* Task:
Within the records below, find the line with "Meet your Posher, Allison - Picture 1 of 1" and the line with "2583 Oak View", then reproduce exactly those two lines and all lines between them, without any picture.

Records contained in a dataset

Content starts

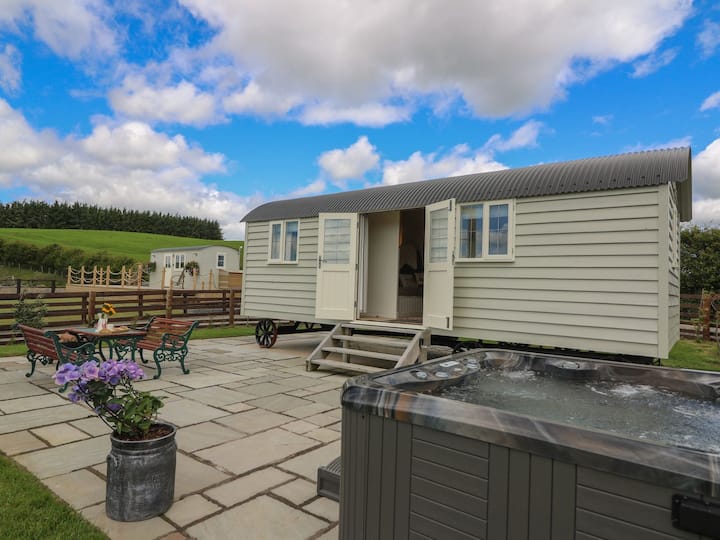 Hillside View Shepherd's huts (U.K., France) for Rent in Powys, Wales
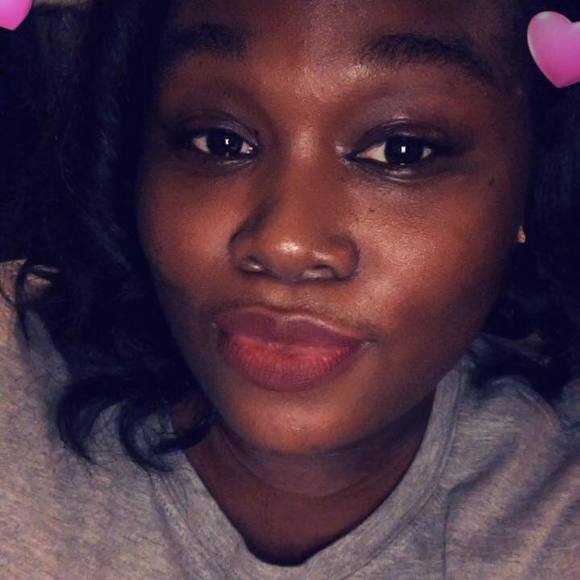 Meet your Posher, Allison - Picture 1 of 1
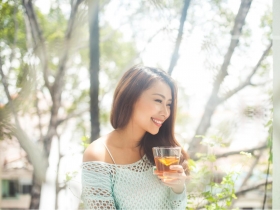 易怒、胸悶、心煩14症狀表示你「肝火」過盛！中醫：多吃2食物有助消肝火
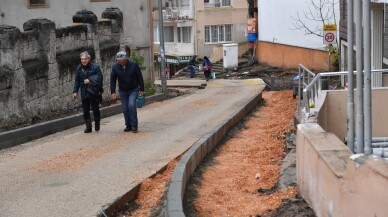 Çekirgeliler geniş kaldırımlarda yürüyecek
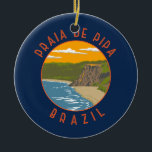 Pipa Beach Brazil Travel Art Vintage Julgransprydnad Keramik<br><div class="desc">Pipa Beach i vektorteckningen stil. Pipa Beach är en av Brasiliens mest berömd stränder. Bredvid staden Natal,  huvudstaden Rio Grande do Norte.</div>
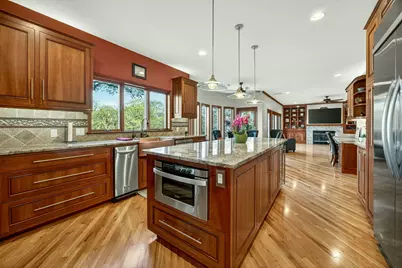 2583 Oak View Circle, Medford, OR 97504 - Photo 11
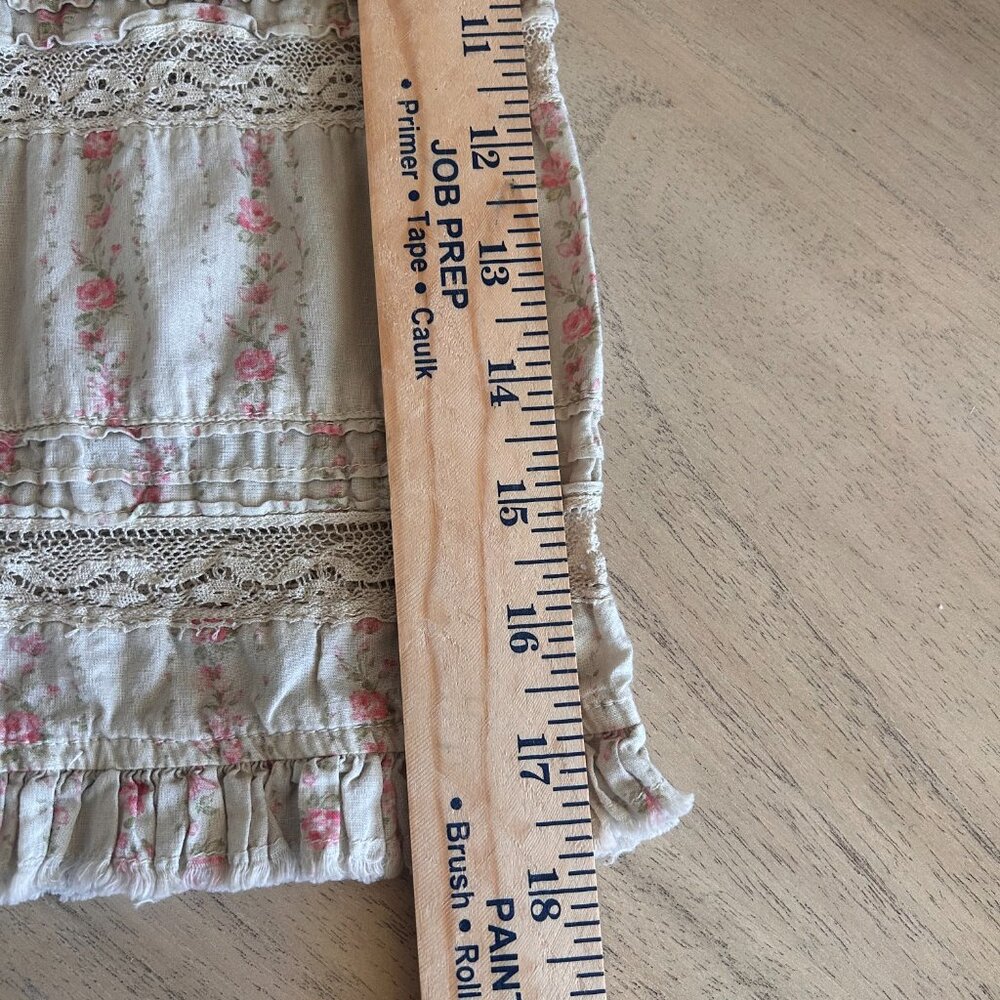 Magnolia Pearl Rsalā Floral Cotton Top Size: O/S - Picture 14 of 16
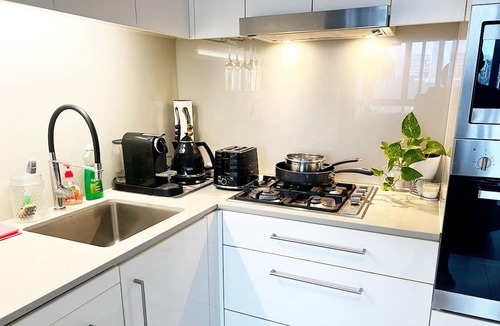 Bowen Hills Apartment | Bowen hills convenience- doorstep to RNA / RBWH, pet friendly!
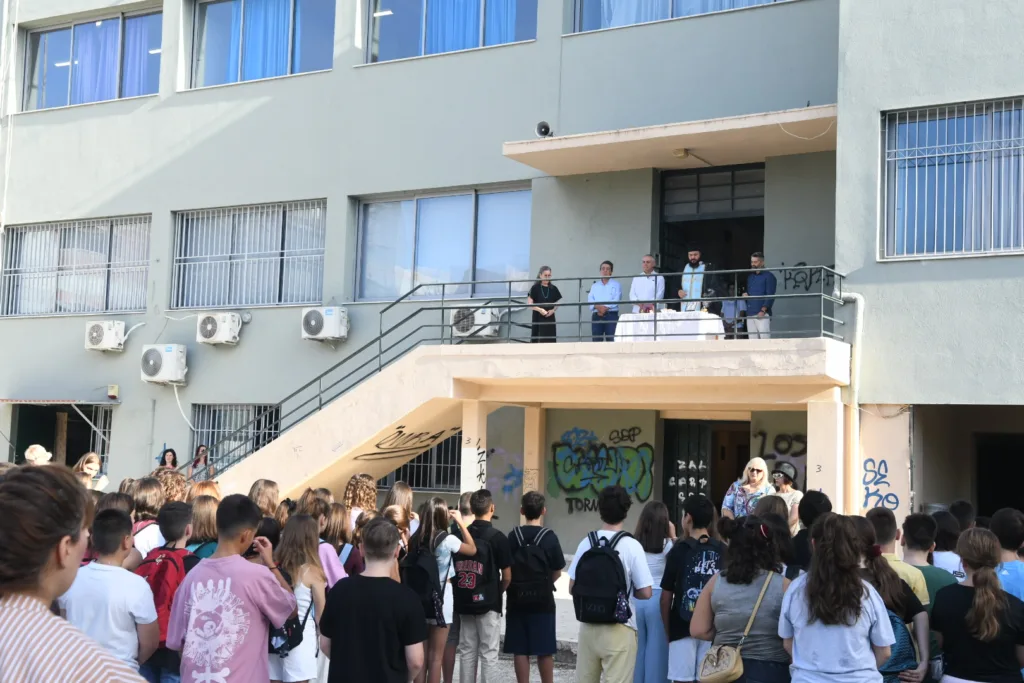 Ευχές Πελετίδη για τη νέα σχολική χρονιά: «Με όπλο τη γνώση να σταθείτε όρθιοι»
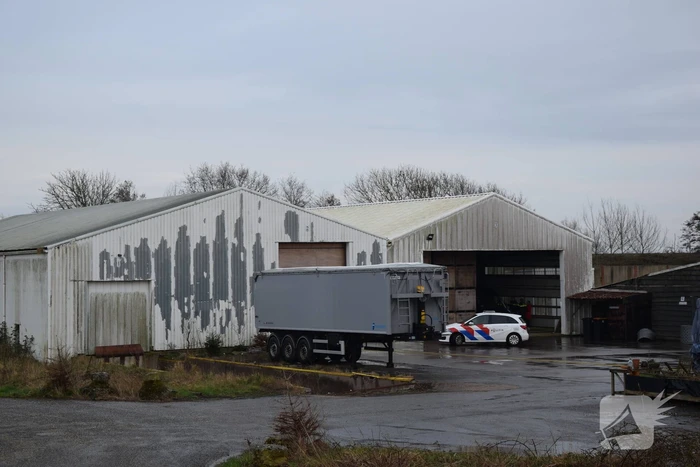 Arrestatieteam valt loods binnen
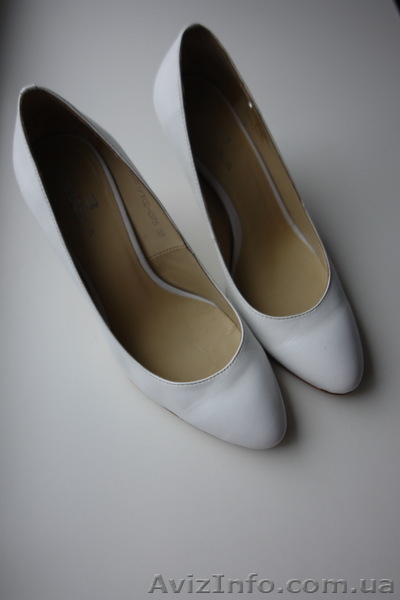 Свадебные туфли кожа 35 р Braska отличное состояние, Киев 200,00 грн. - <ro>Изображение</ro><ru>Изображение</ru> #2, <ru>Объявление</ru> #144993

Content ends

* Answer to this exercise:
 Meet your Posher, Allison - Picture 1 of 1
 易怒、胸悶、心煩14症狀表示你「肝火」過盛！中醫：多吃2食物有助消肝火
 Çekirgeliler geniş kaldırımlarda yürüyecek
 Pipa Beach Brazil Travel Art Vintage Julgransprydnad Keramik<br><div class="desc">Pipa Beach i vektorteckningen stil. Pipa Beach är en av Brasiliens mest berömd stränder. Bredvid staden Natal,  huvudstaden Rio Grande do Norte.</div>
 2583 Oak View Circle, Medford, OR 97504 - Photo 11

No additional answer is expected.